Il decreto legge varato dal governo, per contrastare le liste d’attesa, ha scatenato il dibattito sia a livello nazionale che regionale.
In realtà, almeno per quanto riguarda la Lombardia, non vi sono particolari novità:
  • già ora esiste la possibilità di effettuare prestazioni aggiuntive nel tardo pomeriggio e il sabato. Poi però occorre trovare il personale per farle, visto che si tratta di persone che hanno già lavorato e devono prolungare, volontariamente, il proprio turno
  • già ora esiste un monitoraggio regionale e a livello di ATS delle liste d’attesa. Poi però occorre governare il fenomeno mettendo in campo i correttivi. La Regione ha già emanato provvedimenti con risorse aggiuntive per pagare ulteriori prestazioni, tra l’altro imponendo al privato di fare le prestazioni che servono al servizio sanitario e non solo al loro business (per esempio aumentare le visite e non solo le prestazioni strumentali, più remunerative e magari autoindotte). Ma la coperta è corta e il personale sempre lo stesso.

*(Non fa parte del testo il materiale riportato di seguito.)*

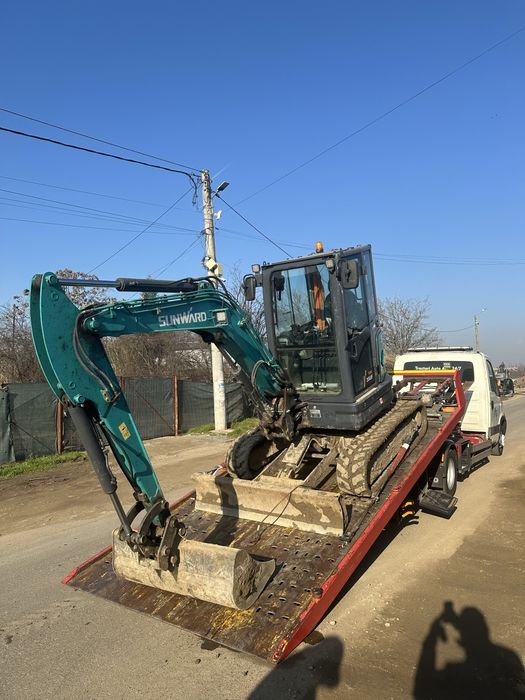 PLATFORMA AUTO /TRACTARI AUTO 24/7 Autostrada A1 bucuresti -pitesti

  • già ora esiste una road map verso il CUP regionale, in cui un cittadino possa trovare uno sportello fisico, non solo un call center, che dia una risposta alla richiesta di prestazioni. Poi però occorre dare corso a leggi e delibere, che dal 2015 prevedono il CUP unico in Lombardia. Non si è mai fatto nulla perché certamente non conviene al privato, ma probabilmente neppure alle ASST, vista la concorrenza che droga il sistema lombardo.
  • già ora vengono chieste ai professionisti sempre più prestazioni, ora si aggiunge la gogna della libera professione, che a detta dello stesso ministro sembra essere una  causa diretta delle liste d’attesa. Nulla di più falso, ma un po’ di fango addosso ai medici può giovare, almeno si trova un capro espiatorio. Un semplice sguardo al rapporto AGENAS, che si allega per comodità, dimostra con evidenza che le prestazioni in intramoenia rappresentano una piccola parte delle prestazioni totali e sono comunque percentualmente in calo nel 2021, ultimi dati disponibili, rispetto al 2019.

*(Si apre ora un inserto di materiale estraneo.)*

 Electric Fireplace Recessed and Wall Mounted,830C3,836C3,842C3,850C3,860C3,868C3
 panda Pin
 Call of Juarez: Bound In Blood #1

  • il tetto sul personale è stato alzato, tanto da far dichiarare a un partito politico di maggioranza di aver archiviato “l’era Speranza” dimenticando che il tetto fu posto venti anni fa da governi di centrodestra, in uno dei quali era ministro l’attuale premier. Peccato che in Lombardia anche il tetto vigente non sia mai stato raggiunto, a causa delle difficoltà del sistema a reclutare medici, vista lamscarsa attrattività di molte aziende e il clima pesante.
In conclusione, pur con le differenze regionale e nazionale, il problema si affronta con la buona politica, con la cure e valorizzazione delle risorse umane, con un management adeguato, non con i provvedimenti spot a ridosso delle elezioni o con neppure tanto velate accuse ai professionisti.